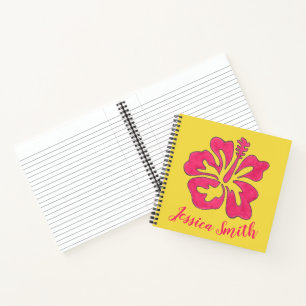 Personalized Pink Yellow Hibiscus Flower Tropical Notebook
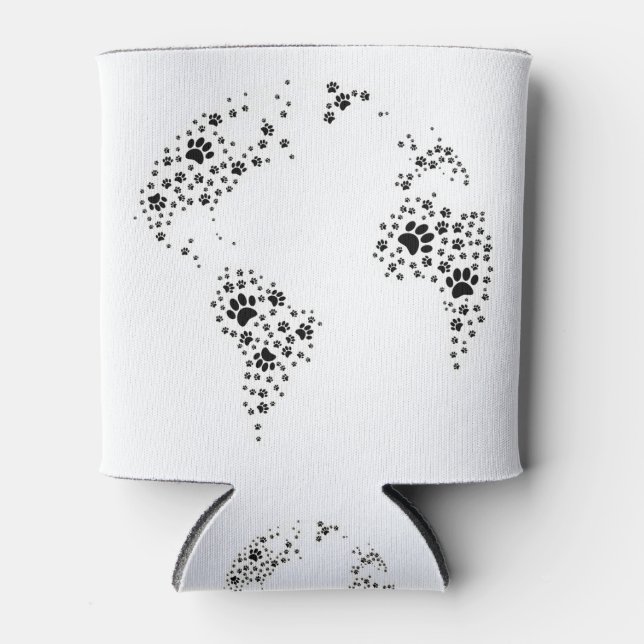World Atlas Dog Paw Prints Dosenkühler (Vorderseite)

--

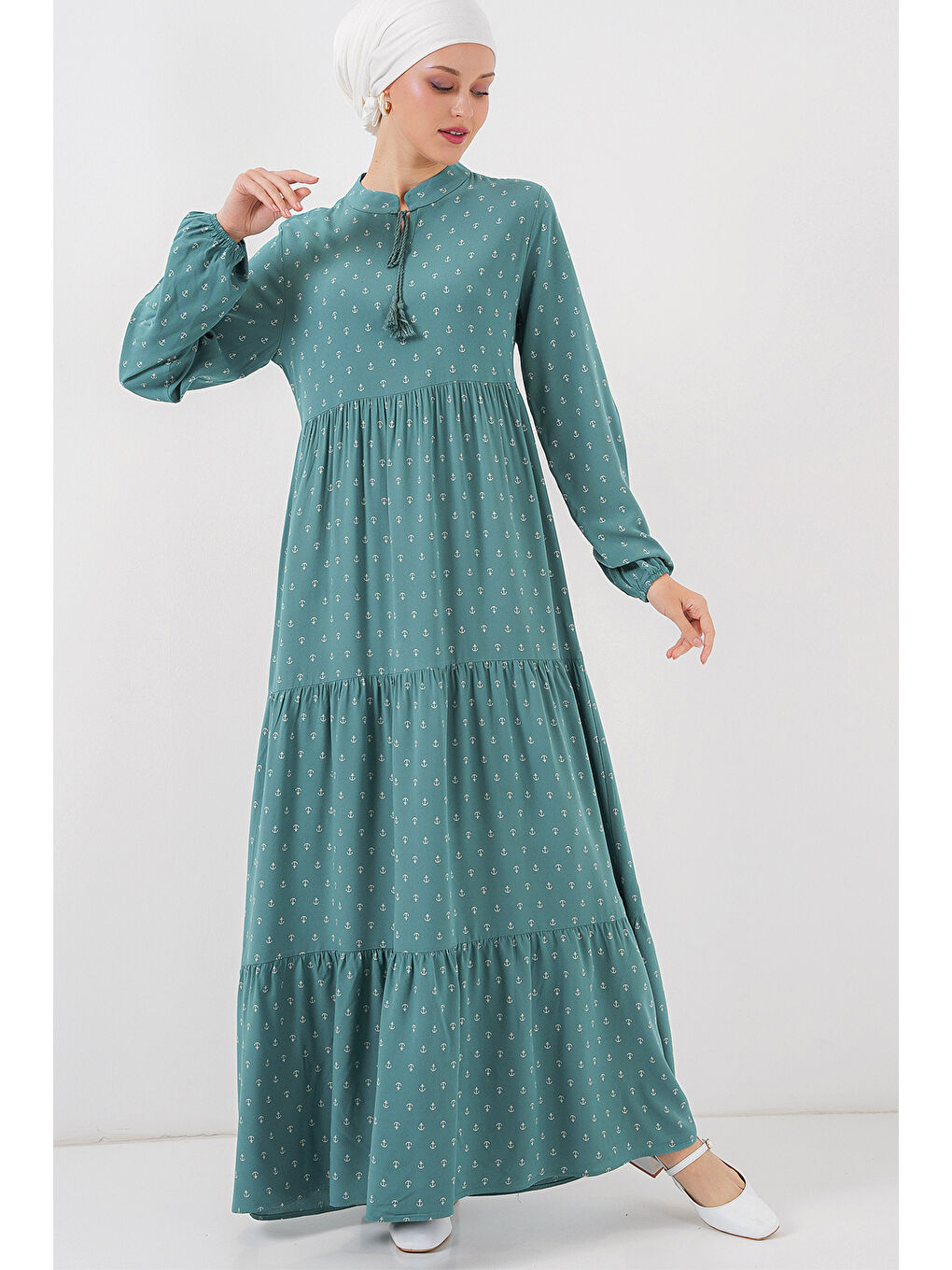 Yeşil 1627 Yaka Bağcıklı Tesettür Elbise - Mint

==

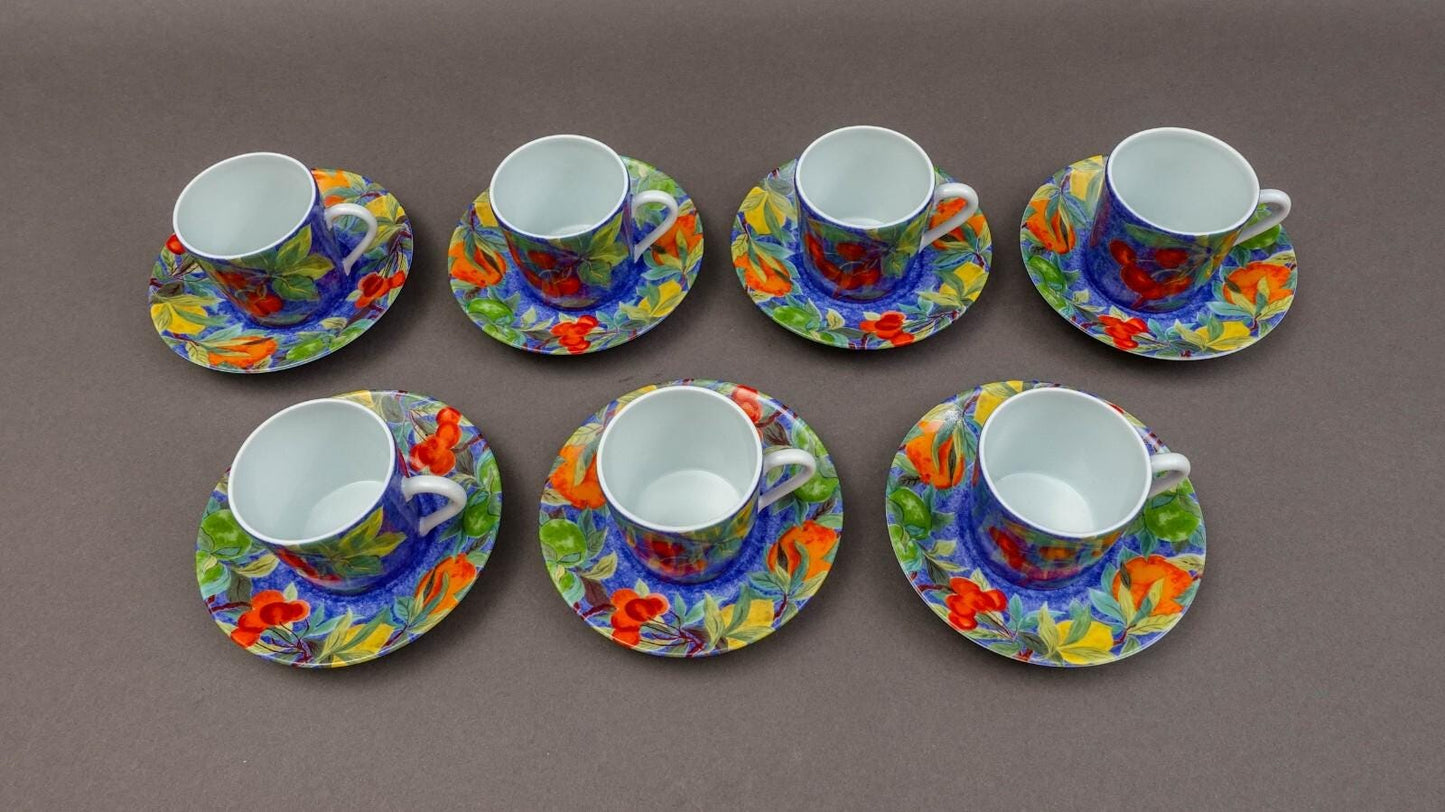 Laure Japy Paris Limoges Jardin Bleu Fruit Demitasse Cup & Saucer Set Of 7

DIRECTIONS: Copy only this from above: the line containing "Personalized Pink Yellow", the line containing "World Atlas Dog", and all lines between, printed exactly. Leave out the pictures.

SOLUTION:
 Personalized Pink Yellow Hibiscus Flower Tropical Notebook
World Atlas Dog Paw Prints Dosenkühler (Vorderseite)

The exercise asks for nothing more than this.